(Problem):
Only one portion of the data is to be written out: from the line bearing "29 mars 2024 - Sète - Temps mémoriel Franco-Allemand 29" through the line bearing "Phone Cases Metal". Write it exactly as it appears.

(Data for analysis):
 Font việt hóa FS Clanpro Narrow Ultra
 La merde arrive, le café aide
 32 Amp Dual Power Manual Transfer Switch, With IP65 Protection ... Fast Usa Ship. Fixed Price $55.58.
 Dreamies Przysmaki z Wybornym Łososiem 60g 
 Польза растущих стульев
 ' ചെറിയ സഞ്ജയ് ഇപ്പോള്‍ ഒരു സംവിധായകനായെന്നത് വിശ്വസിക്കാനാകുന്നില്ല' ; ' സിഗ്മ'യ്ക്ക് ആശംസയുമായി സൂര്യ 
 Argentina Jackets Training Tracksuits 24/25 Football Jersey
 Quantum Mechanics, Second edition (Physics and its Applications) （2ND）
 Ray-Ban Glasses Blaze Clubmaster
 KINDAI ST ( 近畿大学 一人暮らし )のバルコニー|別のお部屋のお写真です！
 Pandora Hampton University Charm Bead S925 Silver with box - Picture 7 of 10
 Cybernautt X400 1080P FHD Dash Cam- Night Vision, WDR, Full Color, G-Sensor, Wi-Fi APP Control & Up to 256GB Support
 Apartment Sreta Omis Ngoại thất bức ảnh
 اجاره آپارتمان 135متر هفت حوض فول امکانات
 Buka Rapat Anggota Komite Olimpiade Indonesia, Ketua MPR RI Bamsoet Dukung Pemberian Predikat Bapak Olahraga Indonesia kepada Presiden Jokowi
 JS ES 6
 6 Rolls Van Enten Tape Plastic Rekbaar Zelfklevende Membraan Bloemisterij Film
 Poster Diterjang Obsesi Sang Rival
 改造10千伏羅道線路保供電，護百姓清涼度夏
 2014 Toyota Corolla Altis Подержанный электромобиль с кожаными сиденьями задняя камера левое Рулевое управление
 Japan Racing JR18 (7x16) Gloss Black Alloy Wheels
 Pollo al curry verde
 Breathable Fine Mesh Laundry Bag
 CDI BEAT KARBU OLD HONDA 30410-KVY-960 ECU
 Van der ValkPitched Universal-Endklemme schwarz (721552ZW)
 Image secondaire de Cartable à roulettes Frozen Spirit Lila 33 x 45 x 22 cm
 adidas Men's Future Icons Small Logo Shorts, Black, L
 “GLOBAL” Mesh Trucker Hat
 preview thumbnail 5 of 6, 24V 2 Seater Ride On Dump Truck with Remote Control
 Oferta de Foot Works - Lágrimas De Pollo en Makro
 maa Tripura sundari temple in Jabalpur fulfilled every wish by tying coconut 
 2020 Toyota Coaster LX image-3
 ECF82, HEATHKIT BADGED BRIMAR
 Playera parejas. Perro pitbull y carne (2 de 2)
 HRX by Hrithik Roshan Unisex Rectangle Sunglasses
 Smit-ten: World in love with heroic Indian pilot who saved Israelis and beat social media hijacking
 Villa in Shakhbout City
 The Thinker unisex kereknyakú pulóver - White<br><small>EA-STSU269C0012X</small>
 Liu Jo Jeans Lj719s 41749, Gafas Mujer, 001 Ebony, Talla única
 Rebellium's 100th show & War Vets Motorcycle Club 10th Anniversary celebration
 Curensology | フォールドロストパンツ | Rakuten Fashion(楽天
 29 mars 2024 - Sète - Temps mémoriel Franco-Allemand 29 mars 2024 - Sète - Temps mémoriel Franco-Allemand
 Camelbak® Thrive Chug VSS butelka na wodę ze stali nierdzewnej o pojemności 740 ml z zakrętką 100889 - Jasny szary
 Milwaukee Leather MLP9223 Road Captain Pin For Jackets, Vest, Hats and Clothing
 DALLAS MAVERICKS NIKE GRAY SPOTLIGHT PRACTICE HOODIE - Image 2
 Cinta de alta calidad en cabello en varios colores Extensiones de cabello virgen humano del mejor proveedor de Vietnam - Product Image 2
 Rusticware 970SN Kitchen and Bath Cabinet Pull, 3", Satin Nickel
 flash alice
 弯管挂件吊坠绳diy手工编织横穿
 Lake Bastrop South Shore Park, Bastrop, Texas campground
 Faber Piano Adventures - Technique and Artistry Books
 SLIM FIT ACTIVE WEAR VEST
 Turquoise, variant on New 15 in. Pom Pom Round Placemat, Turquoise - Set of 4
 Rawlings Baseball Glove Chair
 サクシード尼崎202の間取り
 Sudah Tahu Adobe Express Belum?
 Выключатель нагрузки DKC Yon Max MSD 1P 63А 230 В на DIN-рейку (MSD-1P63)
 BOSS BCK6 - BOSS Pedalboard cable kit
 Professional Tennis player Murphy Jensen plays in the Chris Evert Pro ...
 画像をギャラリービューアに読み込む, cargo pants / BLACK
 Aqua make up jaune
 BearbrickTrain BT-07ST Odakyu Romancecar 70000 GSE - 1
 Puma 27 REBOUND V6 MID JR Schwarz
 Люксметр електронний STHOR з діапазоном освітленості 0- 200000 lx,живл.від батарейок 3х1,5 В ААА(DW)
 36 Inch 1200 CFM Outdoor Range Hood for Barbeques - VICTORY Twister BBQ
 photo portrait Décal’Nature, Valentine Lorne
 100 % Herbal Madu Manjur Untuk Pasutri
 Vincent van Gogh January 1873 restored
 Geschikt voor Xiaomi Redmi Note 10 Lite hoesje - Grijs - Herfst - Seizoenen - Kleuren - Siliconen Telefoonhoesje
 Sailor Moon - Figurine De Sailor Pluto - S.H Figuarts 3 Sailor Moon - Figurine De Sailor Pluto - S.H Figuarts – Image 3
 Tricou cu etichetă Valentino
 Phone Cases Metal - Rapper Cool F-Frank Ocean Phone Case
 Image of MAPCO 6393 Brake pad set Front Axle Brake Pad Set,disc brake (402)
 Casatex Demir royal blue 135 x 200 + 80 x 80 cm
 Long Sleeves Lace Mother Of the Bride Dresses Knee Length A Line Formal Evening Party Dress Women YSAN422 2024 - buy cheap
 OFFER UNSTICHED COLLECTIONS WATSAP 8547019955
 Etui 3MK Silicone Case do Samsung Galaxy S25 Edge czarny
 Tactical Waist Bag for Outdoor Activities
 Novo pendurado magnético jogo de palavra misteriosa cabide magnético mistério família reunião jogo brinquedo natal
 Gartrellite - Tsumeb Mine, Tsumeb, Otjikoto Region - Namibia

(Answer space):
 29 mars 2024 - Sète - Temps mémoriel Franco-Allemand 29 mars 2024 - Sète - Temps mémoriel Franco-Allemand
 Camelbak® Thrive Chug VSS butelka na wodę ze stali nierdzewnej o pojemności 740 ml z zakrętką 100889 - Jasny szary
 Milwaukee Leather MLP9223 Road Captain Pin For Jackets, Vest, Hats and Clothing
 DALLAS MAVERICKS NIKE GRAY SPOTLIGHT PRACTICE HOODIE - Image 2
 Cinta de alta calidad en cabello en varios colores Extensiones de cabello virgen humano del mejor proveedor de Vietnam - Product Image 2
 Rusticware 970SN Kitchen and Bath Cabinet Pull, 3", Satin Nickel
 flash alice
 弯管挂件吊坠绳diy手工编织横穿
 Lake Bastrop South Shore Park, Bastrop, Texas campground
 Faber Piano Adventures - Technique and Artistry Books
 SLIM FIT ACTIVE WEAR VEST
 Turquoise, variant on New 15 in. Pom Pom Round Placemat, Turquoise - Set of 4
 Rawlings Baseball Glove Chair
 サクシード尼崎202の間取り
 Sudah Tahu Adobe Express Belum?
 Выключатель нагрузки DKC Yon Max MSD 1P 63А 230 В на DIN-рейку (MSD-1P63)
 BOSS BCK6 - BOSS Pedalboard cable kit
 Professional Tennis player Murphy Jensen plays in the Chris Evert Pro ...
 画像をギャラリービューアに読み込む, cargo pants / BLACK
 Aqua make up jaune
 BearbrickTrain BT-07ST Odakyu Romancecar 70000 GSE - 1
 Puma 27 REBOUND V6 MID JR Schwarz
 Люксметр електронний STHOR з діапазоном освітленості 0- 200000 lx,живл.від батарейок 3х1,5 В ААА(DW)
 36 Inch 1200 CFM Outdoor Range Hood for Barbeques - VICTORY Twister BBQ
 photo portrait Décal’Nature, Valentine Lorne
 100 % Herbal Madu Manjur Untuk Pasutri
 Vincent van Gogh January 1873 restored
 Geschikt voor Xiaomi Redmi Note 10 Lite hoesje - Grijs - Herfst - Seizoenen - Kleuren - Siliconen Telefoonhoesje
 Sailor Moon - Figurine De Sailor Pluto - S.H Figuarts 3 Sailor Moon - Figurine De Sailor Pluto - S.H Figuarts – Image 3
 Tricou cu etichetă Valentino
 Phone Cases Metal - Rapper Cool F-Frank Ocean Phone Case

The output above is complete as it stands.